WHAT IS REQUIRED:
Every word in the data below belongs in your copy, exactly as given; the pictures do not.

MATERIAL PROVIDED:
----

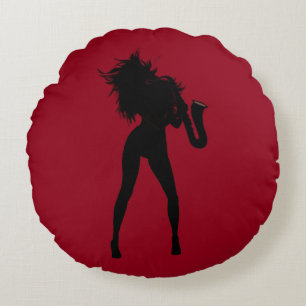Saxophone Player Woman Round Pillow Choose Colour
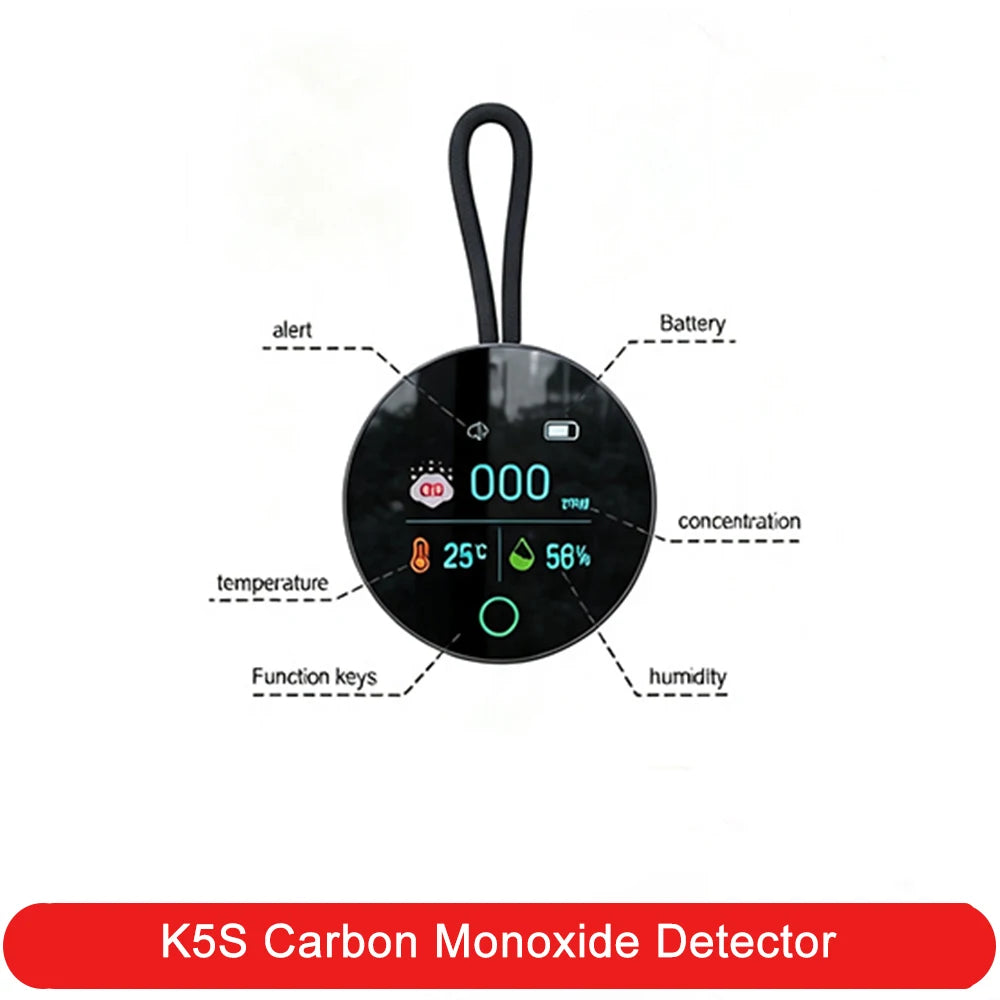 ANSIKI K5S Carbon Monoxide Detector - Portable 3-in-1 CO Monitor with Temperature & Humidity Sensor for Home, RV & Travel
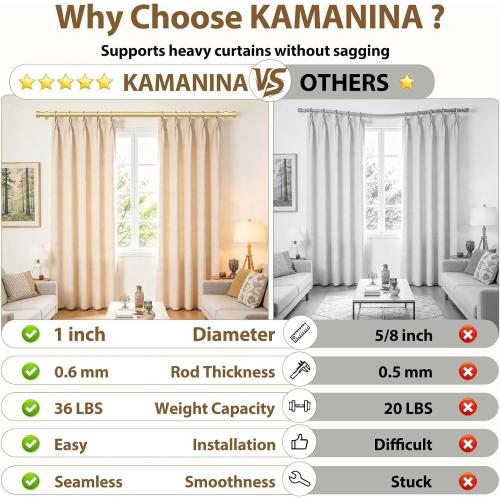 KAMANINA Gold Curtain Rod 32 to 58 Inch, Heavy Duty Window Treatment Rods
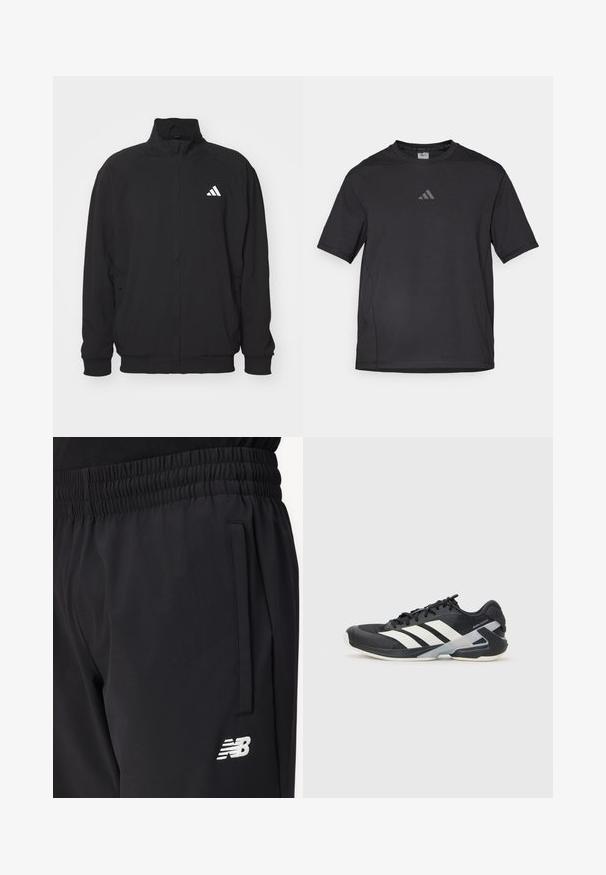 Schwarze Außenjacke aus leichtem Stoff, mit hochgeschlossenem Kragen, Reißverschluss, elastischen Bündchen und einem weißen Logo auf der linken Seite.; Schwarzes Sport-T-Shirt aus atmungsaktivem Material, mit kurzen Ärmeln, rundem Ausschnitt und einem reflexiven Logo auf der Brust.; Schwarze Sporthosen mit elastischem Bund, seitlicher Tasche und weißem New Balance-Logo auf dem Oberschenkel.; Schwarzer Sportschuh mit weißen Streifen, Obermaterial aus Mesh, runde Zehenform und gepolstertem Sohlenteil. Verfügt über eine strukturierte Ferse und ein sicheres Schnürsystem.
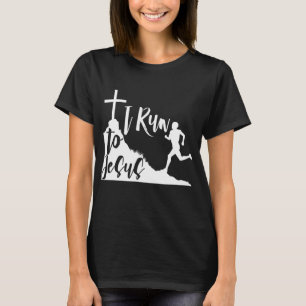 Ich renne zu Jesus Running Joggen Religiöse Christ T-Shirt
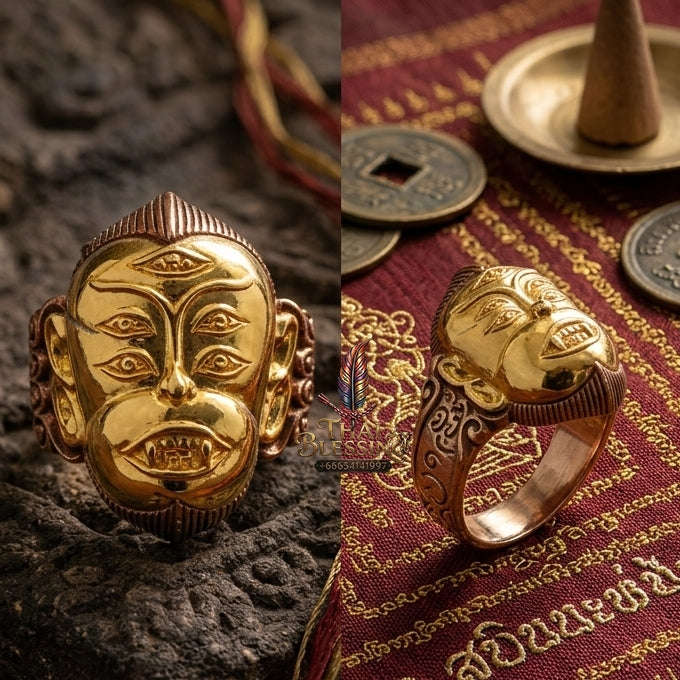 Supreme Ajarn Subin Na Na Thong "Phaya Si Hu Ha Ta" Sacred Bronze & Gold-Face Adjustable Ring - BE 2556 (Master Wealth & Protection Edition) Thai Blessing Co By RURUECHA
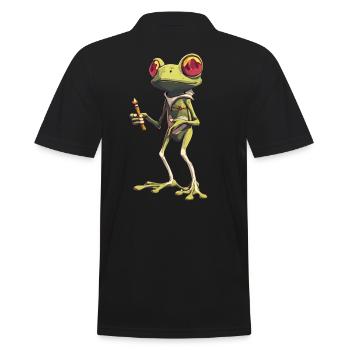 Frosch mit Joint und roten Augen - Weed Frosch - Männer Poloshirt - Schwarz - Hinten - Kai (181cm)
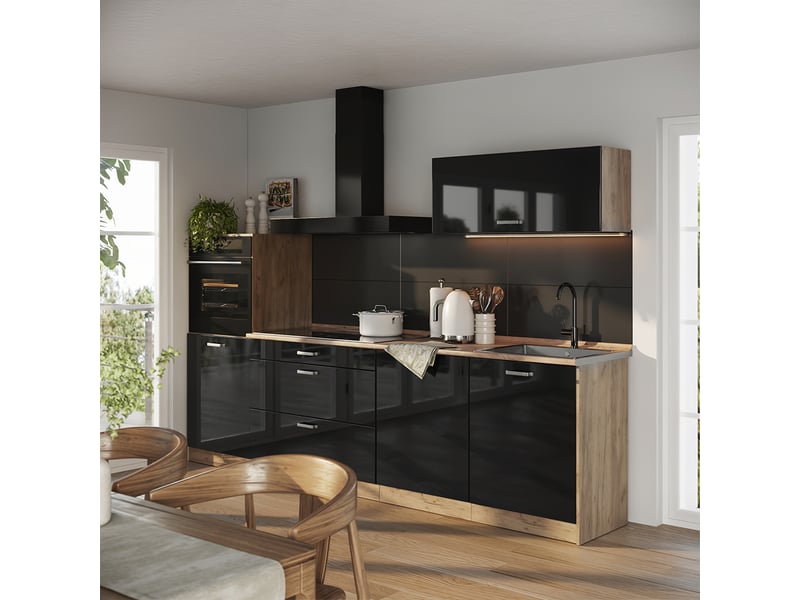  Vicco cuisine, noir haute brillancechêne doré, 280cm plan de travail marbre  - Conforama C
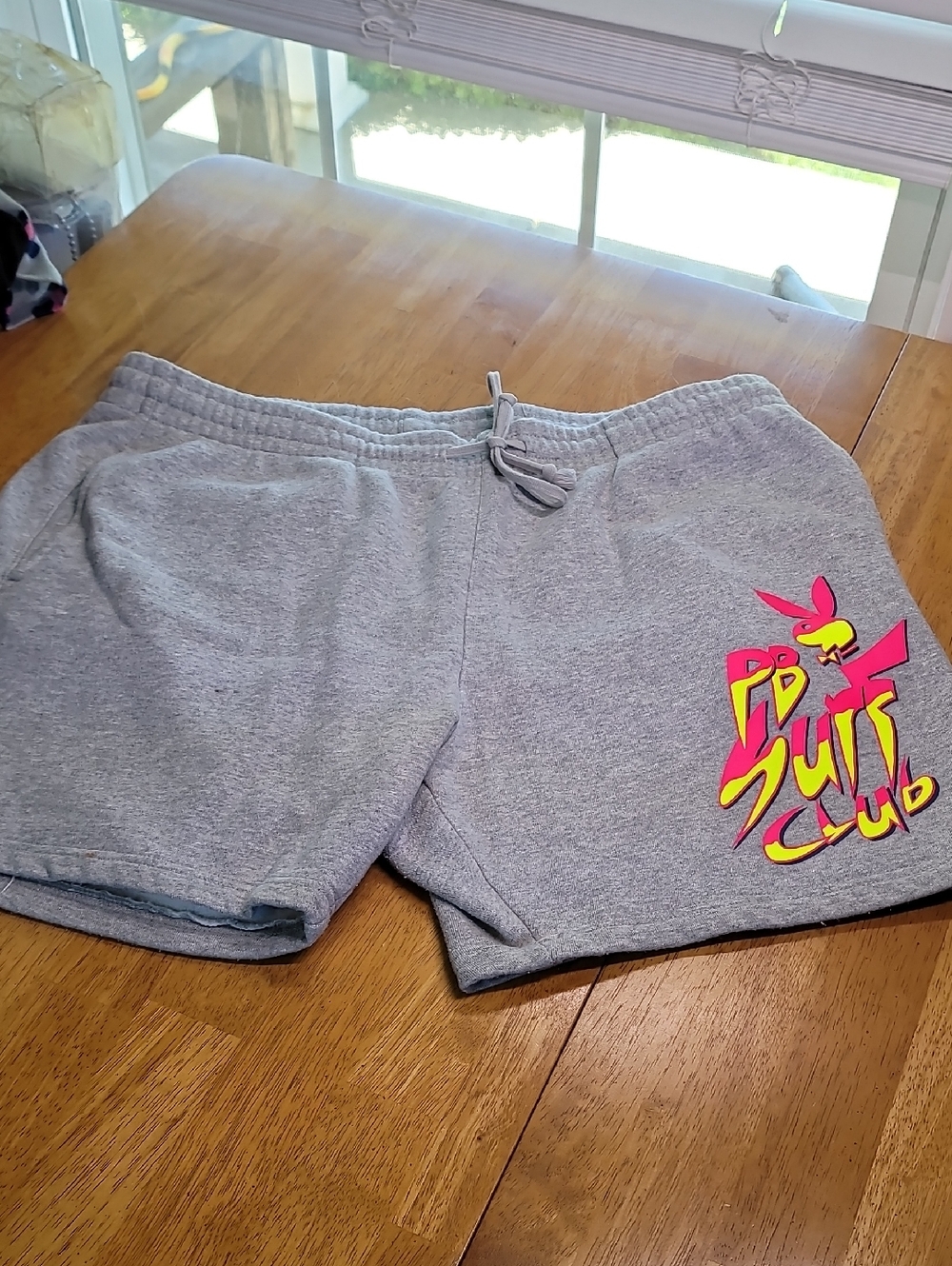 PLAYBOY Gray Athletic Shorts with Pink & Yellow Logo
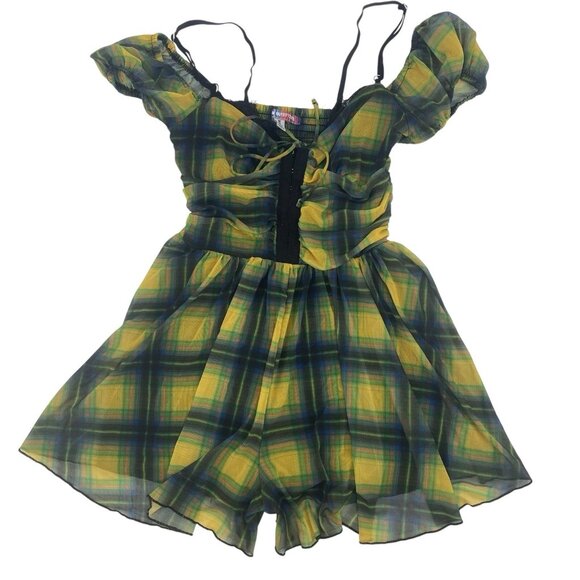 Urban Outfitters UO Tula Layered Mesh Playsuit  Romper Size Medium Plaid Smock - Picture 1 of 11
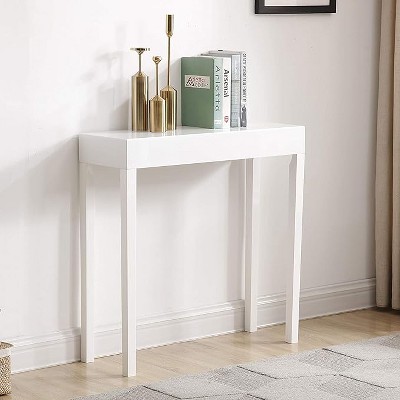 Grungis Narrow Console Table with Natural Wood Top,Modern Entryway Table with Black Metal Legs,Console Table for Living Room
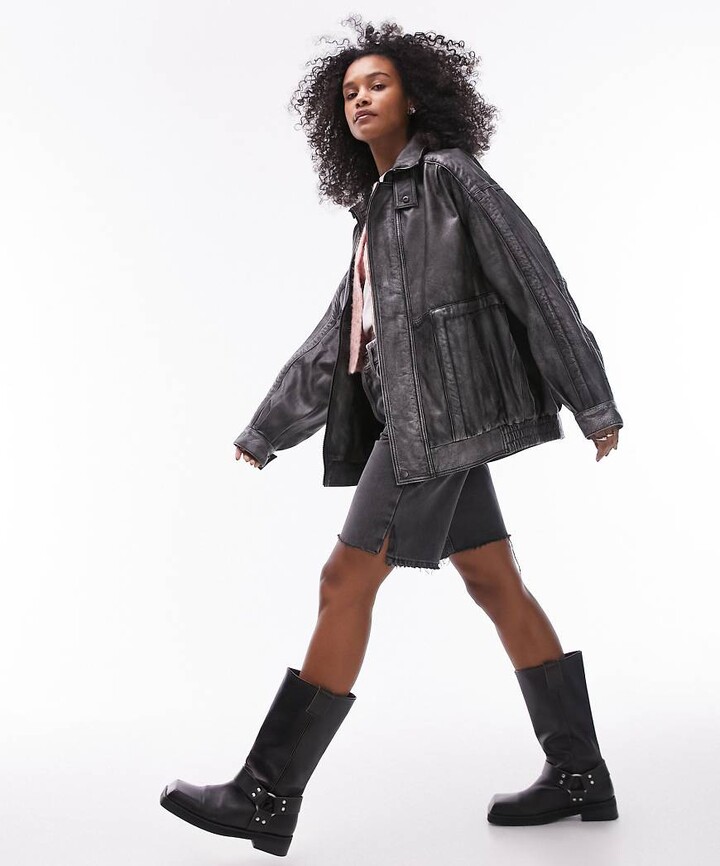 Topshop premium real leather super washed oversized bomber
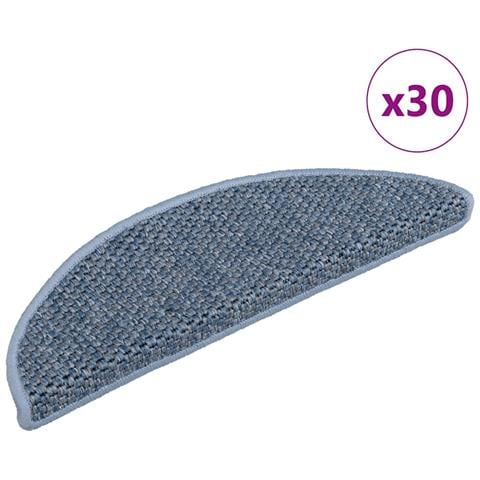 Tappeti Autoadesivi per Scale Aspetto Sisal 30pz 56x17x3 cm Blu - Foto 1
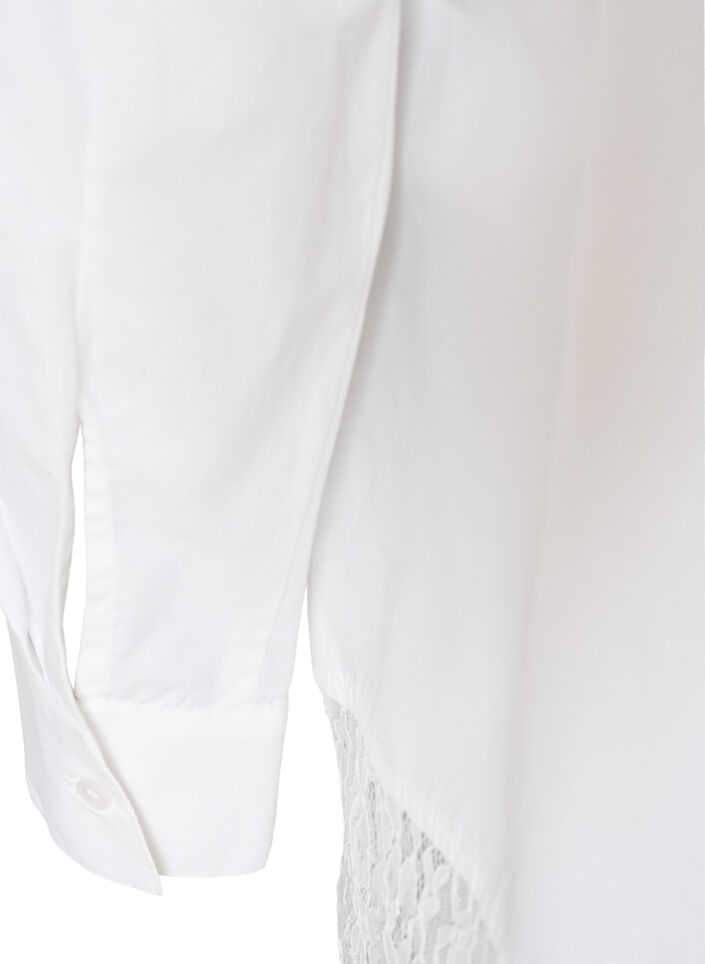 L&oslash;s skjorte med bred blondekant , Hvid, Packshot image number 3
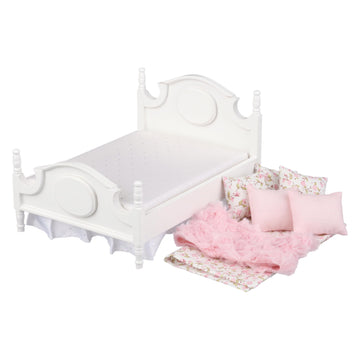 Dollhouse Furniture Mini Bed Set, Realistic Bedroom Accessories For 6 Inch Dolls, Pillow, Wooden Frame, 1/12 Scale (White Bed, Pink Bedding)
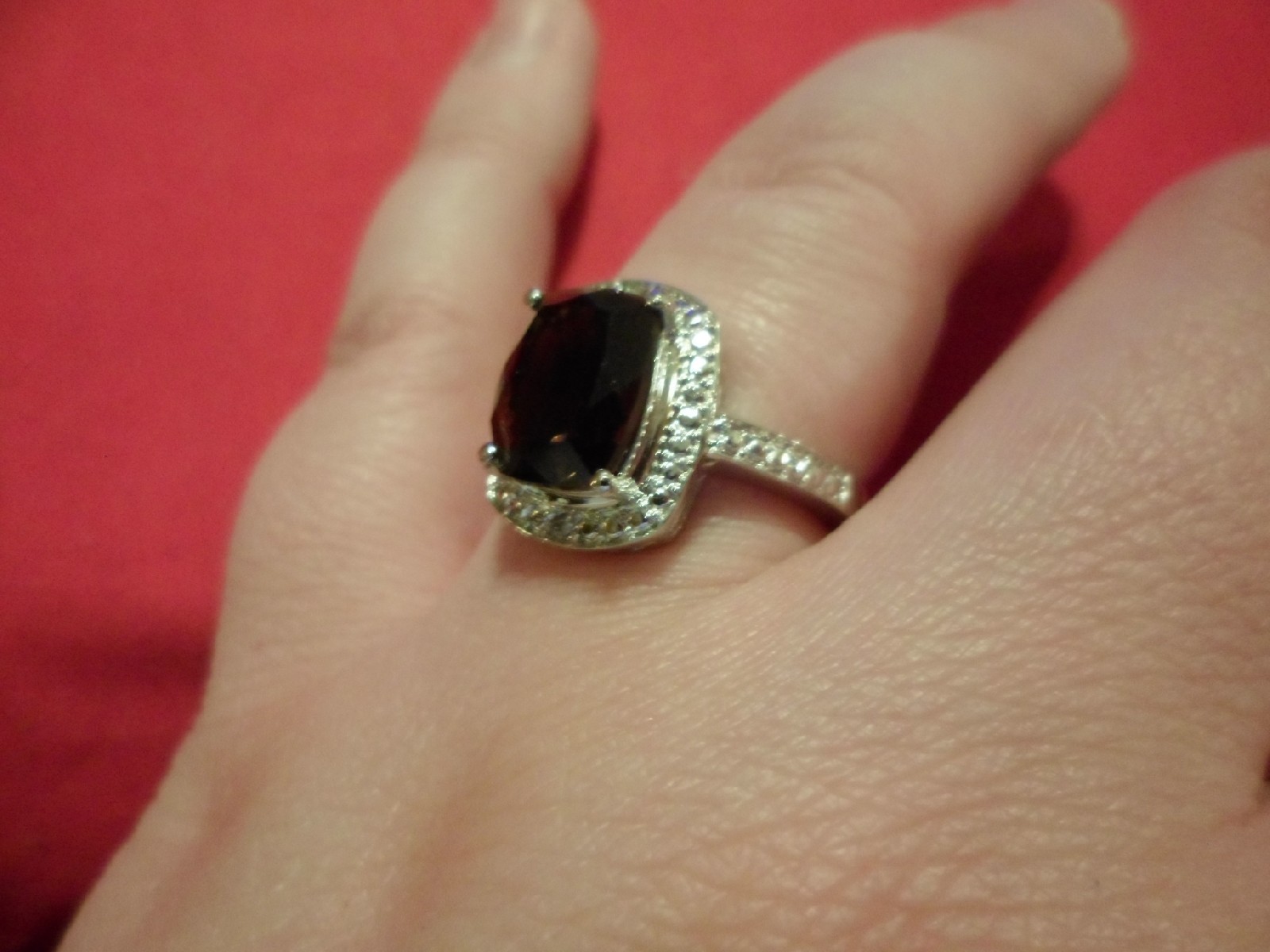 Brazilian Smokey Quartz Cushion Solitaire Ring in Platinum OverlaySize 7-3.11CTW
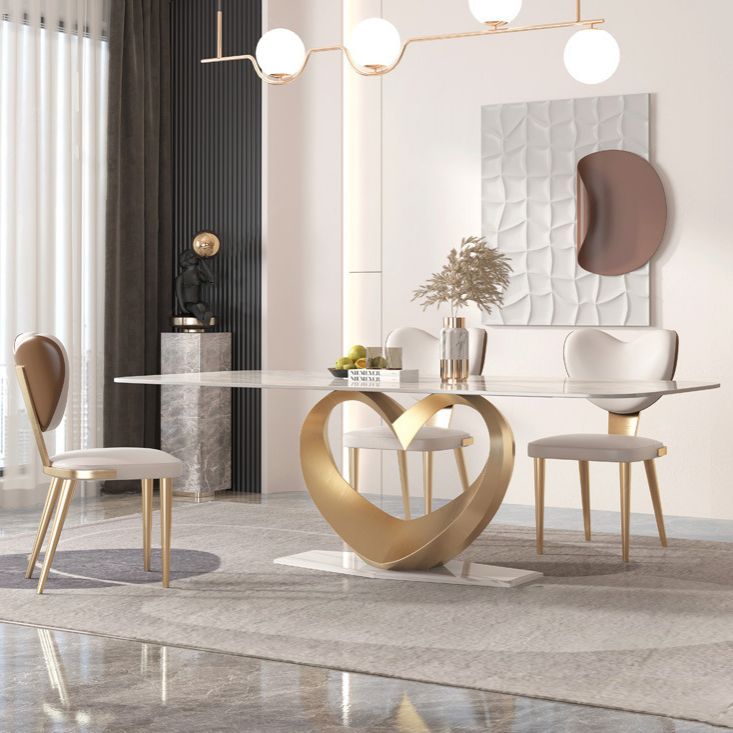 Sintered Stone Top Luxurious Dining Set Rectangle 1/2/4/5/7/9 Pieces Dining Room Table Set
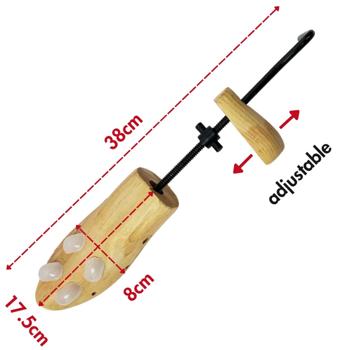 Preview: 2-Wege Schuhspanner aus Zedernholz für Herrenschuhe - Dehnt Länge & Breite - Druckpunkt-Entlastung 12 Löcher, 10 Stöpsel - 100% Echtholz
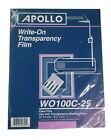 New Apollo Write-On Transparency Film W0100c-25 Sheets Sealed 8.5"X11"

----

RESPONSE BOX:
Saxophone Player Woman Round Pillow Choose Colour
 ANSIKI K5S Carbon Monoxide Detector - Portable 3-in-1 CO Monitor with Temperature & Humidity Sensor for Home, RV & Travel
 KAMANINA Gold Curtain Rod 32 to 58 Inch, Heavy Duty Window Treatment Rods
 Schwarze Außenjacke aus leichtem Stoff, mit hochgeschlossenem Kragen, Reißverschluss, elastischen Bündchen und einem weißen Logo auf der linken Seite.; Schwarzes Sport-T-Shirt aus atmungsaktivem Material, mit kurzen Ärmeln, rundem Ausschnitt und einem reflexiven Logo auf der Brust.; Schwarze Sporthosen mit elastischem Bund, seitlicher Tasche und weißem New Balance-Logo auf dem Oberschenkel.; Schwarzer Sportschuh mit weißen Streifen, Obermaterial aus Mesh, runde Zehenform und gepolstertem Sohlenteil. Verfügt über eine strukturierte Ferse und ein sicheres Schnürsystem.
 Ich renne zu Jesus Running Joggen Religiöse Christ T-Shirt
 Supreme Ajarn Subin Na Na Thong "Phaya Si Hu Ha Ta" Sacred Bronze & Gold-Face Adjustable Ring - BE 2556 (Master Wealth & Protection Edition) Thai Blessing Co By RURUECHA
 Frosch mit Joint und roten Augen - Weed Frosch - Männer Poloshirt - Schwarz - Hinten - Kai (181cm)
  Vicco cuisine, noir haute brillancechêne doré, 280cm plan de travail marbre  - Conforama C
 PLAYBOY Gray Athletic Shorts with Pink & Yellow Logo
 Urban Outfitters UO Tula Layered Mesh Playsuit  Romper Size Medium Plaid Smock - Picture 1 of 11
 Grungis Narrow Console Table with Natural Wood Top,Modern Entryway Table with Black Metal Legs,Console Table for Living Room
 Topshop premium real leather super washed oversized bomber
 Tappeti Autoadesivi per Scale Aspetto Sisal 30pz 56x17x3 cm Blu - Foto 1
 L&oslash;s skjorte med bred blondekant , Hvid, Packshot image number 3
 Dollhouse Furniture Mini Bed Set, Realistic Bedroom Accessories For 6 Inch Dolls, Pillow, Wooden Frame, 1/12 Scale (White Bed, Pink Bedding)
 Brazilian Smokey Quartz Cushion Solitaire Ring in Platinum OverlaySize 7-3.11CTW
 Sintered Stone Top Luxurious Dining Set Rectangle 1/2/4/5/7/9 Pieces Dining Room Table Set
 Preview: 2-Wege Schuhspanner aus Zedernholz für Herrenschuhe - Dehnt Länge & Breite - Druckpunkt-Entlastung 12 Löcher, 10 Stöpsel - 100% Echtholz
 New Apollo Write-On Transparency Film W0100c-25 Sheets Sealed 8.5"X11"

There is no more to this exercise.